Hearing is essential for the proper development of a child. It is therefore important to monitor whether your child can hear well, as deafness can go unnoticed.
Hearing is not only essential for language acquisition, but also for a child's overall development. Profound deafness could have severe consequences if detected beyond the first year of life. Indeed, with a lack of stimulation, the auditory areas naturally atrophy making the recovery of good hearing less certain.
In babies under 12 months:
• It doesn't sound or makes less sound at 4-6 months of age than it does at a few weeks old.
• It does not react and does not wake up when there is a very loud noise.
• It does not turn its head in the direction of your voice or noise.
• A language delay
• behavioral problems: hyperactive child or on the contrary too shy
• learning disabilities
• difficulties hearing when in a group or when there is background noise
• Often has trouble hearing what you say
• Speaks in a strange way or strange voice
• Makes an effort to look at someone speaking or hears better when looking at the face and lips of the person speaking.
• Does not react when you speak quietly or from behind
• Responds best when you talk to in one ear rather than the other.
If your child has one or more of these signs, talk to your doctor who can refer him/her for a hearing test.
There are several types of hearing loss. Some are temporary but others are permanent.
Temporary hearing loss can be due to a blockage or an accumulation of fluid behind the ear.
So-called sensorineural hearing losses are permanent. Hearing loss affects a part of the nervous circuit that decodes sound: the inner ear (the cochlea; nerve cells in the inner ear), the auditory nerve or the hearing area of the brain (the auditory cortex). Among the causes we find:
• Certain congenital anomalies
• Certain infections contracted during pregnancy (e.g. rubella, cytomegalovirus, toxoplasmosis, herpes, syphilis) or at any time during childhood (e.g. meningitis)
• Exposure to certain environmental factors (e.g. certain drugs toxic to the auditory nerve)
• Thyroid gland disorders
• Severe prematurity
• Severe jaundice after birth
• No specific cause detectable for nearly 30% of children
The tests are age-appropriate and can be done from birth.
In newborns, systematic screening for deafness is carried out in the maternity ward in some centers. The test is painless and involves placing a small probe in the newborn's ear. This probe sends a faint sound, only takes a few seconds to perform and you get the result straight away.
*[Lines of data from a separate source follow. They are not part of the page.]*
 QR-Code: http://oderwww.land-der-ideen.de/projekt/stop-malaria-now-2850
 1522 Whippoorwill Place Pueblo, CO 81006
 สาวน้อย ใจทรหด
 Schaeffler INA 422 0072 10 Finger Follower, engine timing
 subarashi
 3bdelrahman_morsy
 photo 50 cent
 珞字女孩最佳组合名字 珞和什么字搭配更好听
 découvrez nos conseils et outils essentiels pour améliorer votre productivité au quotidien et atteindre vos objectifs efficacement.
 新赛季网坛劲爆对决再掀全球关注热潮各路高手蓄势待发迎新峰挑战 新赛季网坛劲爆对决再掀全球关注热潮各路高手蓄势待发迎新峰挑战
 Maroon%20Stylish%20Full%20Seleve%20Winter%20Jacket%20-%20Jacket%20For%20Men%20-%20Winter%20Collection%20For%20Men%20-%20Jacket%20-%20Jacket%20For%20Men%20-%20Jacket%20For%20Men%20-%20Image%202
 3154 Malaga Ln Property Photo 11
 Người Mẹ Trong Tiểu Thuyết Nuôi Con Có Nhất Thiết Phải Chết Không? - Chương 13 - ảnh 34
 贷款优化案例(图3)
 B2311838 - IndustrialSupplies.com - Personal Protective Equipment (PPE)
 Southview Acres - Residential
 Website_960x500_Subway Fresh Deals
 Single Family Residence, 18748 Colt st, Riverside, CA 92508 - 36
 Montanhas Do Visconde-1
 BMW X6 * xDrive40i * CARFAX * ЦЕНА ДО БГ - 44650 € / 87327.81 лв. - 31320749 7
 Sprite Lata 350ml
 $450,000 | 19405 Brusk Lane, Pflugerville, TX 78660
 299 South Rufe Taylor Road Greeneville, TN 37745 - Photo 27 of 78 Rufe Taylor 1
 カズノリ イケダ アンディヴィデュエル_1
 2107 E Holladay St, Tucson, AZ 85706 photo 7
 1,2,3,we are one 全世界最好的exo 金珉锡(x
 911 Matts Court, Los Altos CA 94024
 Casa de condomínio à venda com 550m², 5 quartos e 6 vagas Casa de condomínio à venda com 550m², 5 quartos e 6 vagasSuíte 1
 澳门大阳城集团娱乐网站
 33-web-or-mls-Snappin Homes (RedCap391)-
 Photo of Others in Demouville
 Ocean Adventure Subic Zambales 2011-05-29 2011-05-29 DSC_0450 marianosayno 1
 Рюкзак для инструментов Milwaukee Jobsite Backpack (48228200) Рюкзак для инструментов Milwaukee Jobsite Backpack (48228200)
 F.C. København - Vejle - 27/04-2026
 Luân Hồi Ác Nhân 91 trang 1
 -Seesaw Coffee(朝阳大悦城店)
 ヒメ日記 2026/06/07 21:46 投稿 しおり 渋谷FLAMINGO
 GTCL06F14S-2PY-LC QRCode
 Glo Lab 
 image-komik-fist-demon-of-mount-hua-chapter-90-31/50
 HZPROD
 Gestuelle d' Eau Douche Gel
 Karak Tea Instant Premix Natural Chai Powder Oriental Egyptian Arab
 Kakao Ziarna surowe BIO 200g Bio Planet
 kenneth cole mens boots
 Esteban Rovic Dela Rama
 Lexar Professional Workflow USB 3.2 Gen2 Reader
There are different degrees of deafness. Deafness in children will be measured according to the sounds they perceive:
- Mild deafness: loss of 0 to 40 db (high-pitched sounds)
- Average deafness: loss of 41 to 70 dB. The child perceives loud voices very well but not weak voices
- Severe deafness: loss greater than 71 dB. The child has difficulty perceiving loud noises.
When hearing impairment is detected in a toddler, care should not be delayed, in particular, to facilitate language learning. Stimulating the child's hearing system as early as possible is a condition for the proper recovery of hearing capacity.
Temporary hearing loss: the solution has to be treated. It can be wax removal, medical treatment of otitis, ear tube insertion in the case of accumulation of fluid behind the ear.
Pediatric hearing aids: Hearing aids amplify sounds. The size is suited for the child and can be put on very early from a few months old.
The cochlear implant is an electronic device that transforms acoustic auditory information into an electrical signal delivered directly to the auditory nerve.
Cochlear implantation consists in putting in place, in the cochlea, a system that will electrically stimulate the departure of the auditory nerve and thus restore sound sensations. The cochlear implant is placed during an operation under general anesthesia.
Deafness can have an impact on language acquisition: vocabulary, understanding, and structuring of sentences ... The speech therapist will support the child in the acquisition of language, the best perception of sounds and their differences, and learning to write.
In addition, the use of hearing aids, and more so of a cochlear implant makes it necessary for support work to be carried out, in a back and forth between the speech therapist and the hearing aid specialist, in search of most profitable settings and to promote the child's adjustment to these devices.
Our Department offers newborn screening and has all the equipment to assess your child's hearing regardless of age.
Our service has a comprehensive team enabling us to take care of possible deafness very early from birth: audiologists, hearing aid services, and doctors and surgeons if a cochlear implant needs to be implanted.